# Your task
In the entries that follow, the lines from the one with "Salade de lentilles" through the one with "Panier en rotin" are the ones to write out, exactly and with both ends included. Nothing else should appear.

[[ Extracted entries open ]]

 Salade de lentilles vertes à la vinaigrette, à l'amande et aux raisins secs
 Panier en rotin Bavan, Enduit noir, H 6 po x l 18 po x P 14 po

[[ Extracted entries closed ]]
[[ Extracted entries open ]]

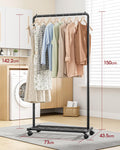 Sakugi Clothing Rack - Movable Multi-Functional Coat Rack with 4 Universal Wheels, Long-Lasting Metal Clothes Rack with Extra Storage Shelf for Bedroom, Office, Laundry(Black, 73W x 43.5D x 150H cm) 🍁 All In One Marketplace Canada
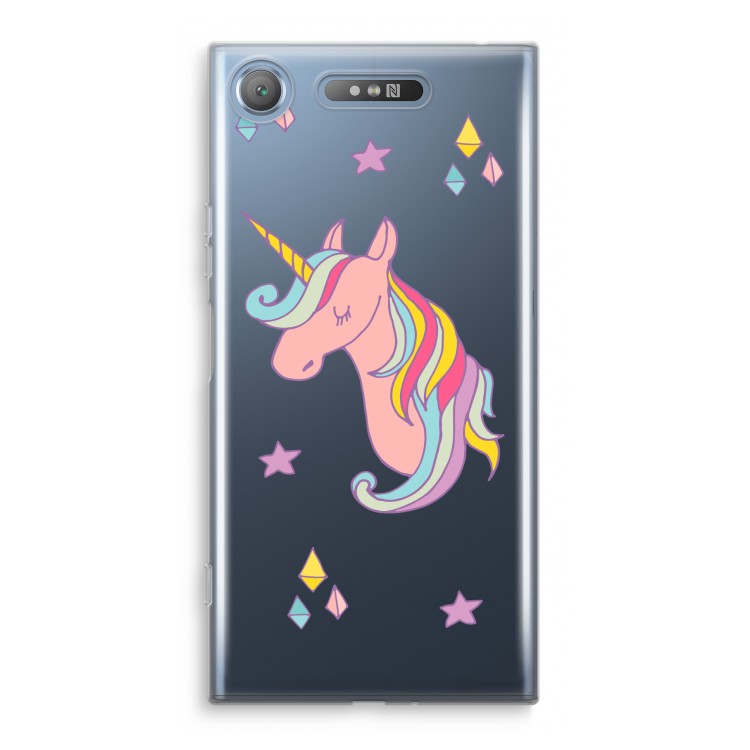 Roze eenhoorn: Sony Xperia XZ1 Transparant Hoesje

[[ Extracted entries closed ]]

# Solution below
 Salade de lentilles vertes à la vinaigrette, à l'amande et aux raisins secs
 Panier en rotin Bavan, Enduit noir, H 6 po x l 18 po x P 14 po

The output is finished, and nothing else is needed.